*WHAT TO PRODUCE*. Below are records to repeat exactly. Omit the pictures from the copy.

(Captioned web images)
___

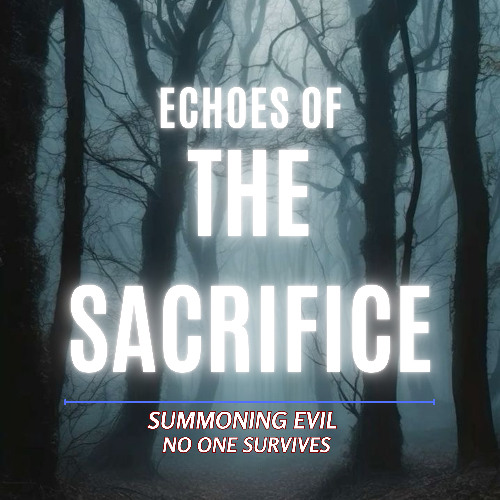 Echoes of the Sacrifice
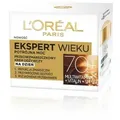 Produktbild: L'Oreal Deutschland Nachtcreme LOréal Professionnel Age Specialist 70+ Nährende Tagescreme 50ml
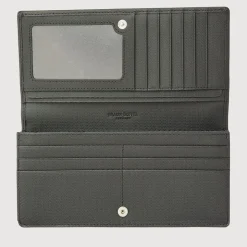 Women Braun Büffel Long Wallets | Wallets & Small Leather Goods><noscript><img width=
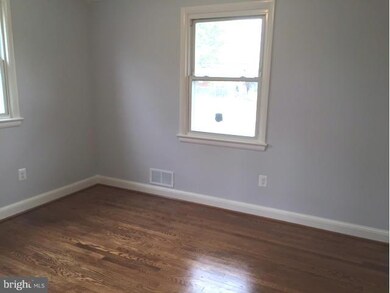 4107 21st Place, Temple Hills, MD 20748 - photo 7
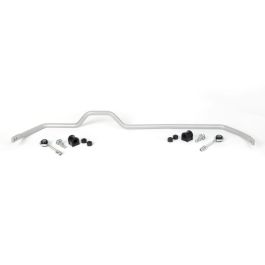 Rear Sway bar 22mm Whiteline Nissan 200SX S14 S15 Skyline R33 R34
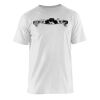 220g adult Premium T-shirt Thumbnail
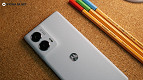 Edge 50 Fusion: Confira preço atual, cores, versões e ficha técnica Edge 50 Fusion: Confira preço atual, cores, versões e ficha técnica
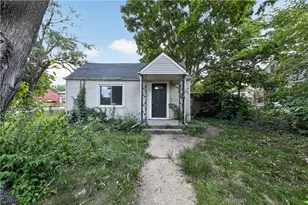 1704 Wilbur Ave, Fairborn, OH 45324 - Photo 1
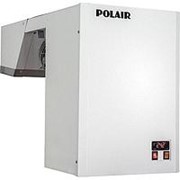 Моноблок низкотемпературный Polair MB-109 R фотография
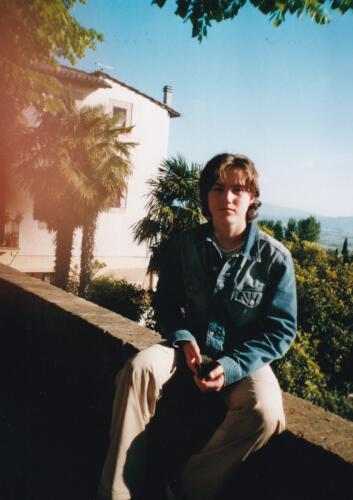 IMG 20211012 0002 (1)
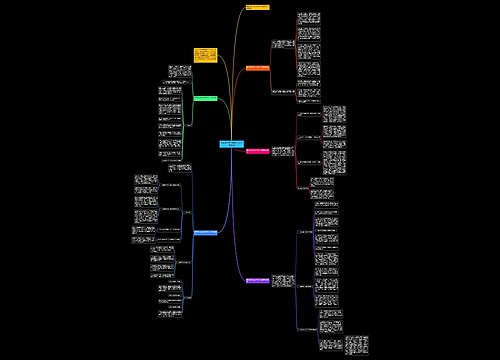 部队单位2023年终个人工作总结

___

*EXERCISE RESULT*.
 Echoes of the Sacrifice
 Produktbild: L'Oreal Deutschland Nachtcreme LOréal Professionnel Age Specialist 70+ Nährende Tagescreme 50ml
 Women Braun Büffel Long Wallets | Wallets & Small Leather Goods><noscript><img width=
 4107 21st Place, Temple Hills, MD 20748 - photo 7
 Rear Sway bar 22mm Whiteline Nissan 200SX S14 S15 Skyline R33 R34
 220g adult Premium T-shirt Thumbnail
 Edge 50 Fusion: Confira preço atual, cores, versões e ficha técnica Edge 50 Fusion: Confira preço atual, cores, versões e ficha técnica
 1704 Wilbur Ave, Fairborn, OH 45324 - Photo 1
 Моноблок низкотемпературный Polair MB-109 R фотография
 IMG 20211012 0002 (1)
 部队单位2023年终个人工作总结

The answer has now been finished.